I've found that many programs (essentially anything with a long-ish kernel as I understand it) don't have enough time under the default RATE_CNV setting.
I've asked before, I don't really understand why this isn't higher by default; the programs load a little faster but considering the number of programs that will not convert from 96k to 44.1 in that amount of time (at least on my machine) it seems like it's more trouble than assistance.
Agreed. I'm starting to think that none of us (aside from the developers) know what this number really means. Is it a conversion QUALITY setting? I.e., time allotted for conversion, must meet a bare minimum which varies according to patch, but beyond which there are diminishing returns? I just don't know how to make sense of the way it gets treated other than that. But in any case it would seem like keeping it higher can only be better in nearly all cases.
Last edited by biomuse on Tue Jun 07, 2011 5:16 am, edited 1 time in total.
biomuse wrote:Agreed. I'm starting to think that none of us (aside from the developers) know what this number really means. Is it a conversion QUALITY setting?

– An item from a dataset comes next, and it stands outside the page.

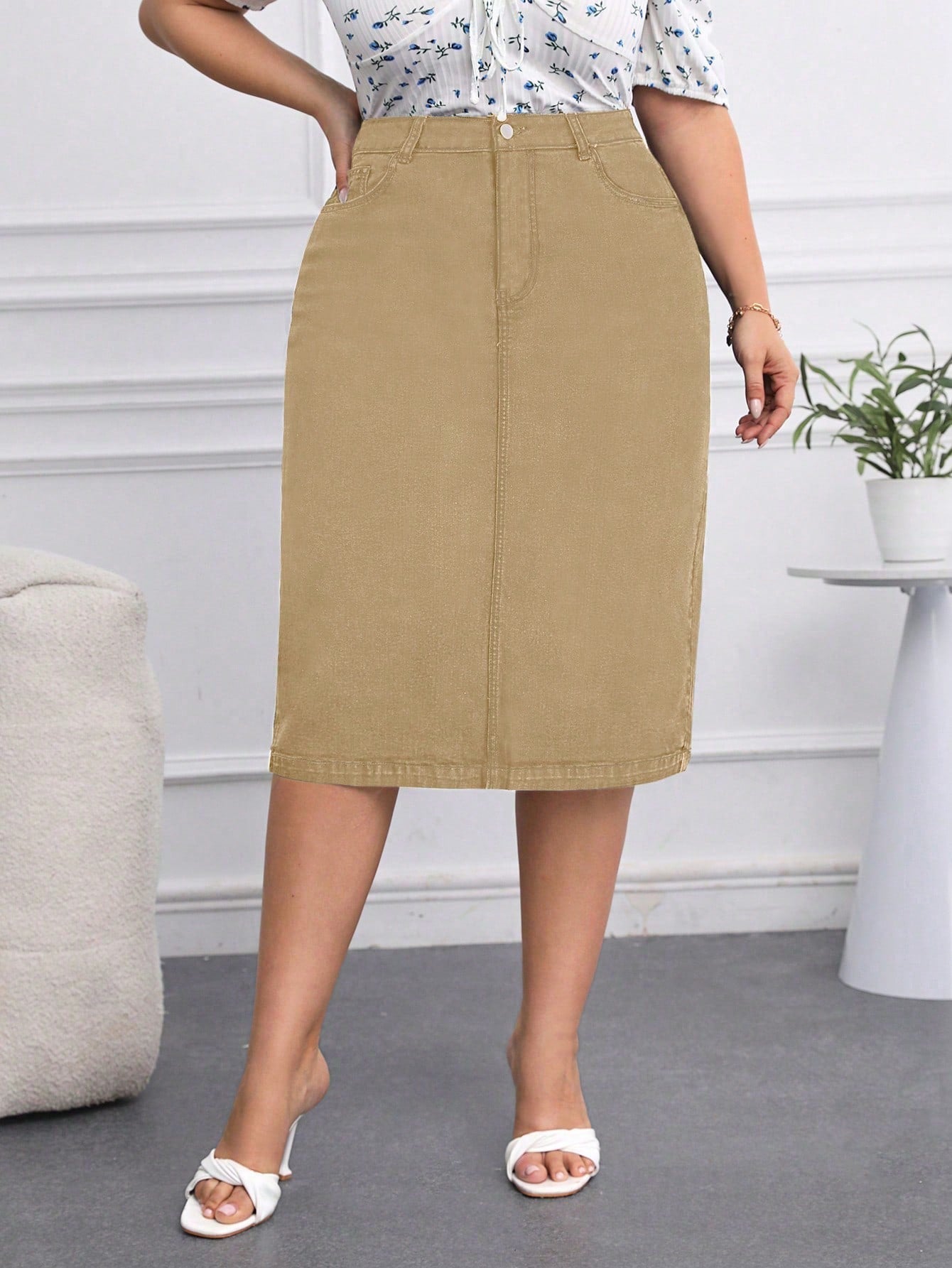 Plus Size Water Washed Elastic Casual Denim Skirt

Nope. I think it's the amount of time (maximum) of some conversion interval (I'm not sure if that's per kernel or per program or what). But I'm fairly sure that it either works or it doesn't, it's not a quality slider.
That was my prior understanding of it as well. But why is there a tendency to keep it low then? It's as though this thing behaves differently from other "loading" times; in most cases, how long it takes something to load is simply determined by how large that thing is. So if a small patch is loaded with the RATE CNV value set at 9000, it would take the same amount of time to load regardless of whether RATE CNV is lowered or not, if this is just simple loading time, yes? So then why ever lower it? That's what makes me think there must be something more to it.
As I understand it, most of the conservative settings in the MAST page are to enable those with older/slower computers to still make use of Nebula, so the previous low default setting for Rate CNV was tuned for 'fast loading'.
However, Giancarlo made various changes to the defaults very recently, one of which was to increase the default Rate CNV to 350, which so far has been a perfectly adequate upper time limit to convert 96kHz presets to 44.1kHz on almost everything I've tried (basically if you get a flashing symbol next to your converted sample rate it didn't get enough time to perform the full conversion).
As I understand it, increasing it still further does nothing except give the SRC algorithms more time if needed, so I've now left mine at the new default.
I've just remembered the only programs in my Nebula collection that didn't manage to convert from 96kHz to 44.1kHz in the default time - and they were the freeby analogue delays that someone kindly offered to users
yewtreemagic wrote:As I understand it, increasing it still further does nothing except give the SRC algorithms more time if needed
Right, but more time to *do what*? That's what I can't get my head around.
As far as I know, telling software to load something looks schematically something like this:
0. Recieve a load command 1. Get the properties of a file, including the number of resources which the file contains to load 2. Load the resources 3. When the number of loaded resources matches the number specified in the properties, the loading is complete 4. Stop loading
So, if it's really a "time limit," then what on earth is this "RATE CNV" number doing? I.e., if it's bigger than is needed to load a file, then what's going on after the file is finished loading? Wouldn't the conversion just stop anyhow? In other words, how does adjusting this value make any conversion last one moment shorter or longer than it would anyhow, unless there's something scalable going on?
I've never seen anything like this and, like most people here, I've been using software since there have been computers. Programmed a bit as well. So I'm suspicious. My brain hurts.
it's simple: you convert only programs smaller than x. X is your bar. You could raise the bar and convert ALL programs. It's possible an old computer will take ages for converting a program so you disable conversion lowering the bar.